** Opening DATA SUPPLIED block **
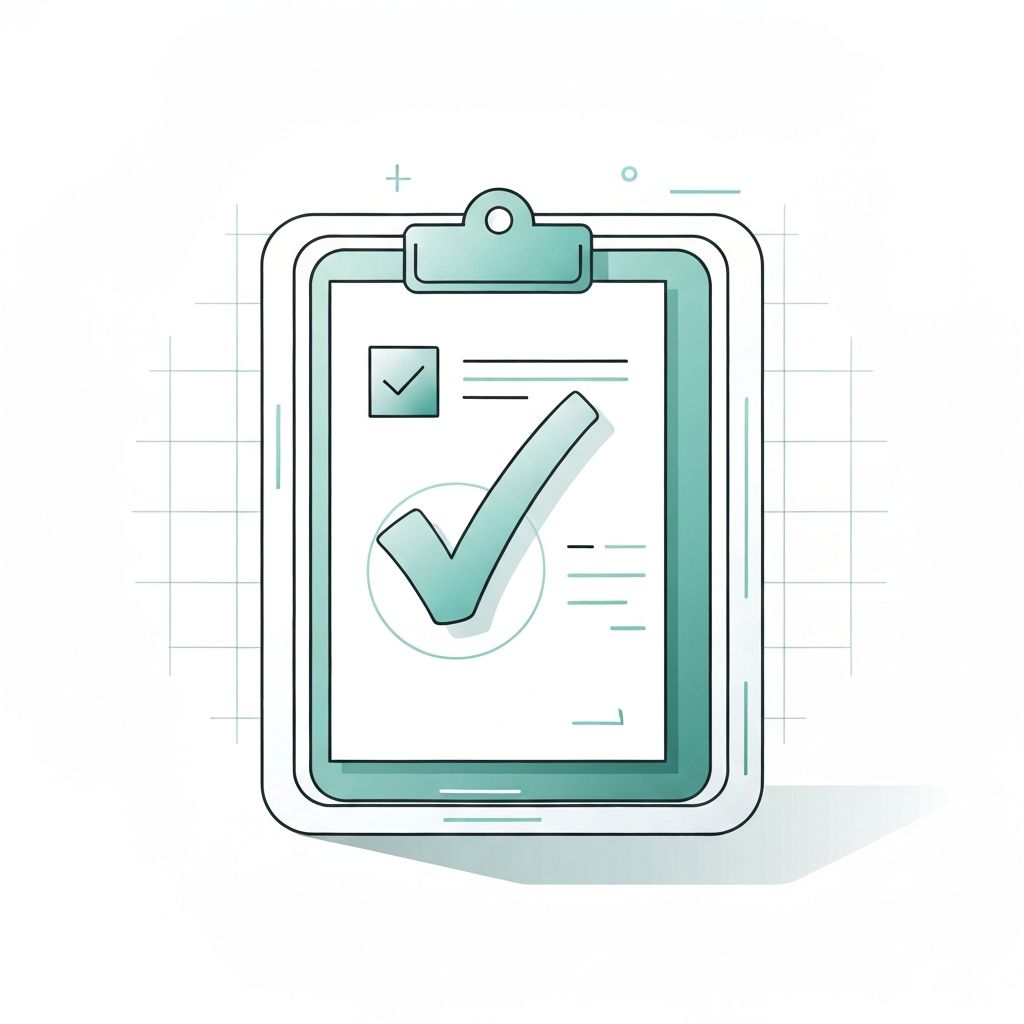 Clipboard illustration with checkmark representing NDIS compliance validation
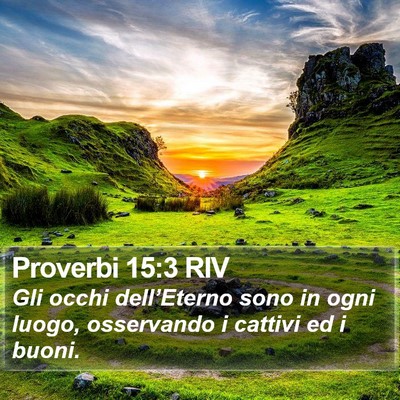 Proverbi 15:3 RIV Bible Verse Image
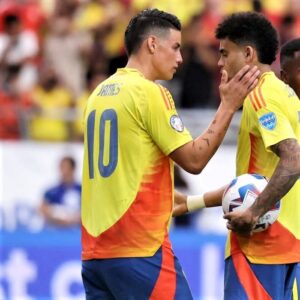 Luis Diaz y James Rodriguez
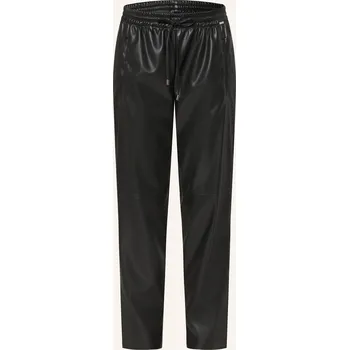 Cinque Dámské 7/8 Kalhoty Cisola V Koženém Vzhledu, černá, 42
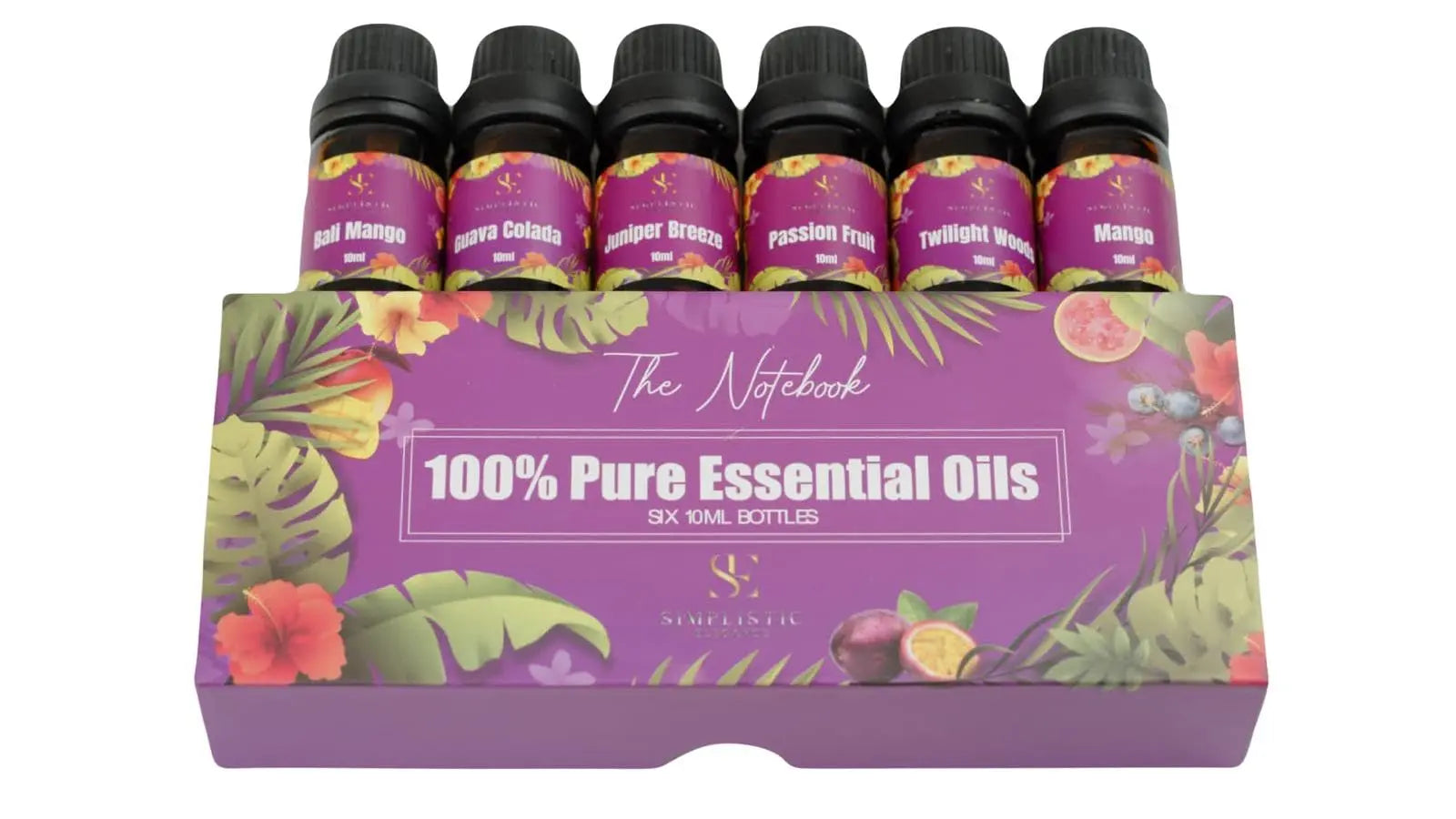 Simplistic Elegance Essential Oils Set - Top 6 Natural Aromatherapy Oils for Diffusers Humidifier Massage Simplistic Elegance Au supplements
** Closing DATA SUPPLIED block **
▸ PROBLEM REQUIREMENTS:
Retype, exactly and with no pictures, everything above from the line with "Proverbi 15:3 RIV Bible Verse Image" down to the line with "Cinque Dámské 7/8", both included.

▸ REPLY:
 Proverbi 15:3 RIV Bible Verse Image
 Luis Diaz y James Rodriguez
 Cinque Dámské 7/8 Kalhoty Cisola V Koženém Vzhledu, černá, 42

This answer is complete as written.